Annie Dillard’s experience of “the tree with the lights in it” is, I imagine, in a similar category to what was experienced by the shepherds on that holy night so many centuries ago.
They were out in the fields. Had they lived in the city, they might have known about the decrees of Emperor Augustus, and of the census being taken, and of the towns so full of pilgrims that there was no room in any inn. But they lived in the fields, out in the country. Not knowing the goings-on in the urban areas wouldn’t have bothered them, I don’t think. They knew their Scriptures: Nothing good ever came from a city. Wretched places, they are, full of scum and villainy. Better to stay in your own fields.
And in the fields, they kept watch. Not over the skies, mind you, but over the earth, and over the things of the earth, over the living, breathing creatures that were entrusted to their care. This was enough to occupy them, to fill their days and to fill their nights and to almost – almost – fill their bellies. It was certainly enough to fill their eyes. Or so they thought.
And then it happened. Then, Luke tells us, then an angel of the Lord stood before them, and the glory of the Lord shone around them.
They suddenly saw it, saw everything, as if for the first time: The skies with the lights in them, the fields with the lights in them, even the sheep with the lights in them. There were no words to make sense of this. Only the words that seemed to well up from inside them like tears filling your eyes, words they couldn’t have made up if they tried: Glory to God in the highest heaven, and on earth peace among those whom he favors.
A moment of revelation that came suddenly out of the everyday, the everynight, one moment when they saw clearly, as if for the first time, when they heard clearly, as if for the first time.
And then they were on the move, swept along by the moment toward the city, the place out of which nothing good could come.
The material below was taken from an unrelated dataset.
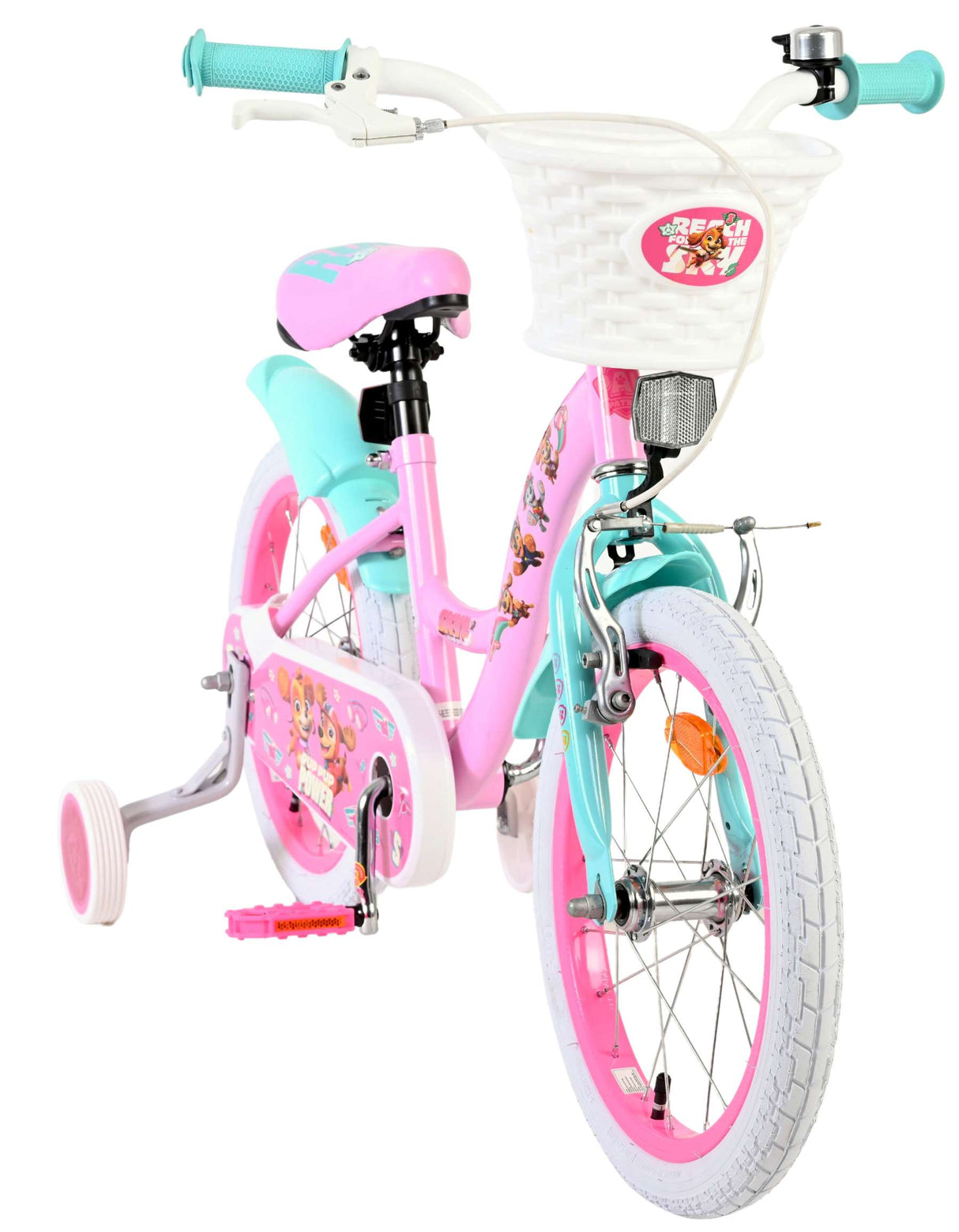 Paw Patrol Kinderfahrrad – Mädchen – 16 Zoll – Rosa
Before they could change their minds they found themselves on the road, on a doorstep, on their knees.
There he was: The child. He shone like any other child, really, like any other person when the lights are shining through them. Legs kicking, arms waving, body wriggling, and in the center of it all, the eyes. The lights shining in his eyes. I imagine the shepherds with Annie Dillard’s words in their mouths: It was less like seeing than like being for the first time seen.
For a moment they stayed there, together, strangers and friends, gathered together as they were, most improbably, most unpredictably. Two or three were already finding themselves gathered in his Name, gathered around a place meant for food: a manger, a feeding trough, a table for creatures of the earth. A motley crew it was, strangers and friends, shepherds and carpenters, people of the fields and people of the streets, on very different journeys, all mixed up together, and all drawn together by this child who was making the world shine with light.
What could it all mean? I don’t imagine that at that moment the shepherds had the slightest idea. The words washed over them, announcing the new thing that had begun with this birth, that this child was somehow a king, that this child would somehow overthrow the world as it was, that this child would come out of an unexpected place to turn the world upside down, putting mangers and tables at the center and throwing imperial decrees overboard. They heard all of this, and no doubt the words already began to do their work.
But on this night there was no sense in making sense of it. On this night, I imagine, the shepherds were simply overwhelmed with the giddy wonder of seeing the world with the lights in it, lit up by the child with the lights in him. They had been their whole lives bells, and never knew it until at that moment they were lifted and struck.
“When they saw this, they made known what had been told them.” Their voices rang like bells through the night. I imagine them running through the dusty streets, shaking the hands of every person they met, like Ebenezer Scrooge after the holy ghosts helped him to see his life in a new light. “Merry Christmas!” said Scrooge, and I imagine that whatever the shepherds said it probably made about as much sense as that.
And then it was over – or at least, a part of it was over. The shepherds returned – to their fields, one assumes – and they were “glorifying and praising God for all they had heard and seen, as it had been told them.” Take note: As they had heard and seen, as it had been told them. The experience was already past. They might have lived their entire lives glorifying and praising God for the memory of that one experience, the night when they saw the world with the lights in it, lit up by the child with the lights in his eyes.
Annie Dillard writes that after that first vision,
“I have since only very rarely seen the tree with the lights in it. The vision comes and goes, mostly goes, but I live for it, for the moment when the mountains open and a new light roars in spate through the crack, and the mountains slam.”
Well. That’s Annie Dillard’s experience of the incarnation. Maybe yours is different. I expect all of us have different paths to the manger, to the feeding trough, to the table for the creatures of the earth. The Spirit of the Lord moves in mysterious ways.
But every once in a while, she lights up the night. And on one night, many years ago, she lit up the world through the birth of a child, and struck humanity like a bell, gathering the unlikely together and making them ring.
We are still ringing, from mountain to mountain, and everywhere in between.